WHAT TO PRODUCE
Output exactly the lines below, starting with the line that has "50Pcs Bead Chain" and going on through the line that has "Alpineaire Cinnacrisp Slices", both included, and no other lines.

[GIVEN INFORMATION — start]

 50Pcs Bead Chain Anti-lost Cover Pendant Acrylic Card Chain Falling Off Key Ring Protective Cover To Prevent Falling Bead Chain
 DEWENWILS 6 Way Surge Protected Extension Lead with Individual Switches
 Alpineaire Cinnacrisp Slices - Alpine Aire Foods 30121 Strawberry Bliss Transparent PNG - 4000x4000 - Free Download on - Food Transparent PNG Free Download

[GIVEN INFORMATION — finish]
[GIVEN INFORMATION — start]

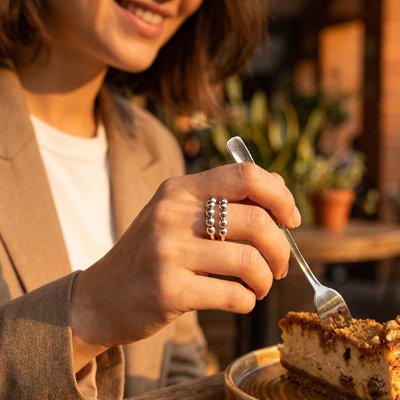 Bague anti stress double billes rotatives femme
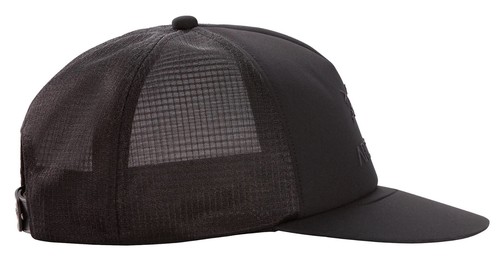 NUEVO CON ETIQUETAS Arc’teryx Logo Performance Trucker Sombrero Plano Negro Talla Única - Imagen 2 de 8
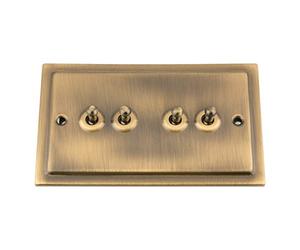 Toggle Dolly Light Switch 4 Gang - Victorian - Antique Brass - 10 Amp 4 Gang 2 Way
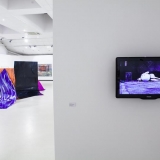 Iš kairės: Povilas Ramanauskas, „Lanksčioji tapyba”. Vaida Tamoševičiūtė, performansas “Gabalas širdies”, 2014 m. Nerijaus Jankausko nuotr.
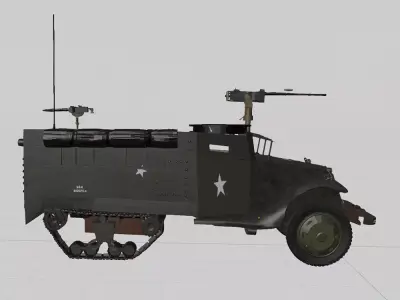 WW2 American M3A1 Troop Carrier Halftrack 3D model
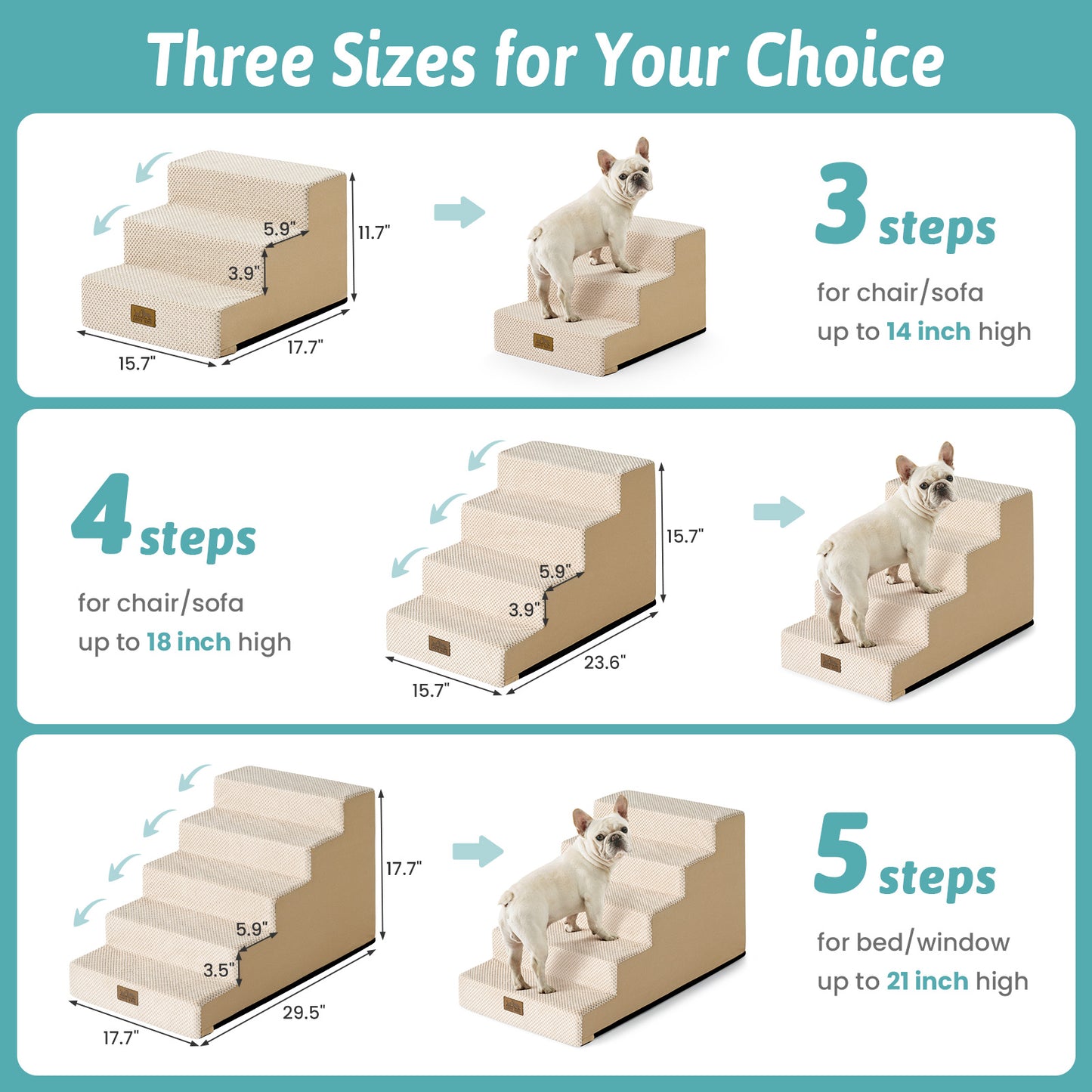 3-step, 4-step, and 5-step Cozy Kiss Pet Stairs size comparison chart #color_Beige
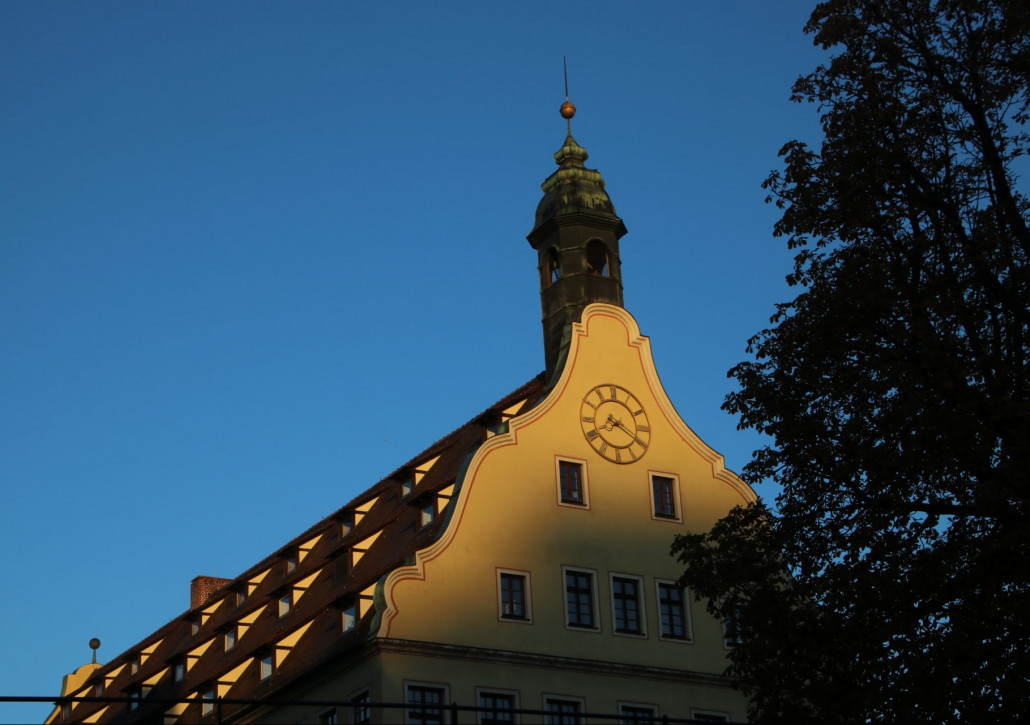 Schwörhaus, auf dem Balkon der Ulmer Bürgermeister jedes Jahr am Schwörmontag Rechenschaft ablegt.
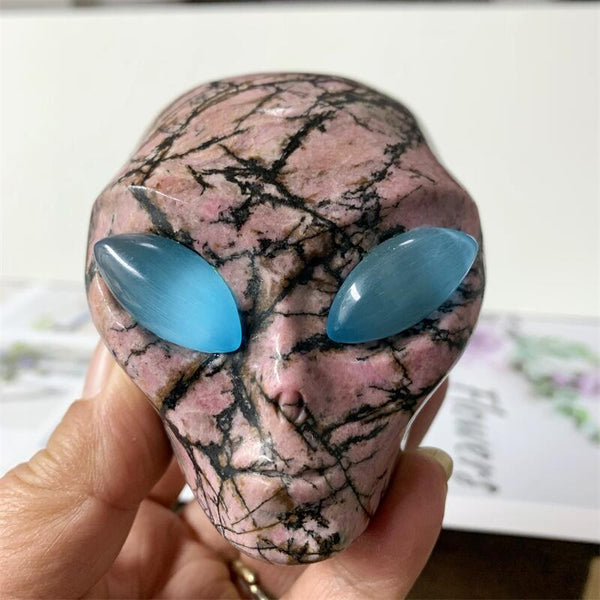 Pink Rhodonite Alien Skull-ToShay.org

[GIVEN INFORMATION — finish]

EXERCISE RESPONSE
 50Pcs Bead Chain Anti-lost Cover Pendant Acrylic Card Chain Falling Off Key Ring Protective Cover To Prevent Falling Bead Chain
 DEWENWILS 6 Way Surge Protected Extension Lead with Individual Switches
 Alpineaire Cinnacrisp Slices - Alpine Aire Foods 30121 Strawberry Bliss Transparent PNG - 4000x4000 - Free Download on - Food Transparent PNG Free Download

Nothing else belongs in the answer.